In volo verso la “Terra Santa”, sull'aeroplano sono stato riconosciuto da alcune persone, un sacerdote cattolico, il sindaco di una cittadina toscana e un rappresentante del movimento cooperativo che venivano in Israele per organizzare un gemellaggio doppio con una cittadina palestinese ed una israeliana. Mi hanno proposto di partecipare alla cerimonia. Lo farò. Poco dopo, una volta sbarcati, in fila per il controllo passaporti, un uomo sulla trentina si sporge dalla fila accanto per stringermi la mano, ci siamo già conosciuti mi ricorda, si occupa di fumetti e cinema d'animazione è qui per cento del comune di Roma. Il sindaco Veltroni lo ha incaricato di seguire un progetto sulla pace creato da bambini con il linguaggio dei fumetti e dell'animazione. Mi sento tonificato da questi due incontri. L'arrivo a Gerusalemme è come sempre entusiasmante, questa città è davvero speciale e a mio parere lo è in ogni sua parte. Il clima è benevolo, il caldo rinfrescato da una piacevole brezza. Un toccasana per chi sta arrivando da una Milano torrida con un tasso di umidità nell'aria quasi tropicale. Tutto appare leggero per me e per mia moglie Elisa che mi accompagna. Ma appena saliti in stanza siamo risvegliati dall'innaturale quiete del ripetuto e petulante suono delle sirene. E' evidente, c'è stato un attentato. La televisione lo conferma. Sedici morti innocenti e non ricordo più quanti feriti. E' la risposta all'esecuzione mirata di un leader di Hamas che ha coinvolto diversi civili inermi a sua volta in reazione all'esecuzione di alcuni soldati israeliani al valico di Erets. Più tardi, altra esecuzione mirata ad opera degli elicotteri israeliani che di nuovo uccide anche civili inermi fra cui bambini. Seguono dichiarazioni ultra bellicose da entrambe le parti. Sono angosciato, elisa subito dopo la notizia dell'attentato è uscita a comprare qualcosa. Non posso impedirmi di pensare: e se ce ne fosse un altro proprio dove si trova lei?” Le persone con cui veniamo successivamente in contatto non sembrano essere scosse, commentano senza emozione. Quando arrivo in teatro per le prove Gideon mi saluta con un umoristico: “Quite a welcome eh?”.

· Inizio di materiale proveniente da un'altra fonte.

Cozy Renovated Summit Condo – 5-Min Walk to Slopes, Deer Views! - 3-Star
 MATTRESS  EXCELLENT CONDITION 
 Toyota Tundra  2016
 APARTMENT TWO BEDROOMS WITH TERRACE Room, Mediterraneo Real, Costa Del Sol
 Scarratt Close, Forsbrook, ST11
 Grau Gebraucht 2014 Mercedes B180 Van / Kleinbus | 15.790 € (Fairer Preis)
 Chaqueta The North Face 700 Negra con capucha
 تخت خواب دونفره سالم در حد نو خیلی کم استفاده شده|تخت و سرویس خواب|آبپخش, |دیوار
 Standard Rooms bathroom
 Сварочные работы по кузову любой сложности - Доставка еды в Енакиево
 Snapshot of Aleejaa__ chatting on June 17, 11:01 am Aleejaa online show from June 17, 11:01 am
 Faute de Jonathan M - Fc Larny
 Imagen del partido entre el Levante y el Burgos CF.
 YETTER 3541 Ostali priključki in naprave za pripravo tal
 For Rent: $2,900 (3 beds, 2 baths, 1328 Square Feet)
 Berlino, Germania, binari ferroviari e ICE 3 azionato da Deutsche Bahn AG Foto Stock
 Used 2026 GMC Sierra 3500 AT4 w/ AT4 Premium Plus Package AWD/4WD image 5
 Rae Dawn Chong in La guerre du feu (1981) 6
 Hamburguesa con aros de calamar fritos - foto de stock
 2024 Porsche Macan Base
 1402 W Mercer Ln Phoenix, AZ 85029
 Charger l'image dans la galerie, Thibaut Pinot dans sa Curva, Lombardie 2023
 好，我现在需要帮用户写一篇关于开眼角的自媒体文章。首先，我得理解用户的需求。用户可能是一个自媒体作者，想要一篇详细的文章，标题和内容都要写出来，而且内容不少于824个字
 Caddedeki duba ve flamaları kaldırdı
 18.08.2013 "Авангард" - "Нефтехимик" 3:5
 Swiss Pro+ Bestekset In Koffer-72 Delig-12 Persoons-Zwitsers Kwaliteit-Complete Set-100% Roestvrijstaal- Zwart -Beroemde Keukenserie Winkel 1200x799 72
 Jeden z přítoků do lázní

Sì davvero una bella accoglienza. Non è cinismo, abitudine o rassegnazione, è solo che la vita deve necessariamente continuare e considerati gli attori del dramma, è inevitabile che chi vive qui debba sapere reagire. Hamas rifiuta la road map e si comporta coerentemente per sabotarla, Ariel Sharon è irremovibile, ad ogni attentato reagisce duro con l'esercito quasi automaticamente, nessuno è in grado di fargli cambiare idea, fa parte della sua cultura profonda credere che l'uso della forza sia in ogni caso il minore dei mali. Lo smarrito Abu Mazen, tanto coccolato dagli americani e dagli israeliani è totalmente impotente se tutto quello che gli si da è lo smantellamento di un paio di roulottes e l'abbattimento di un po' di ferraglia da insediamento provvisorio, Arafat e arabi moderati si affidano alle dichiarazioni. Come pacificatore, senza le guerre preventive dai facili esiti scontati, il presidente americano per il momento sembra valere poco.

Da qui il momento della “grande” pace sembra remoto, ma quello della piccola pace come sempre è necessario ed irrinunciabile per costruire il futuro.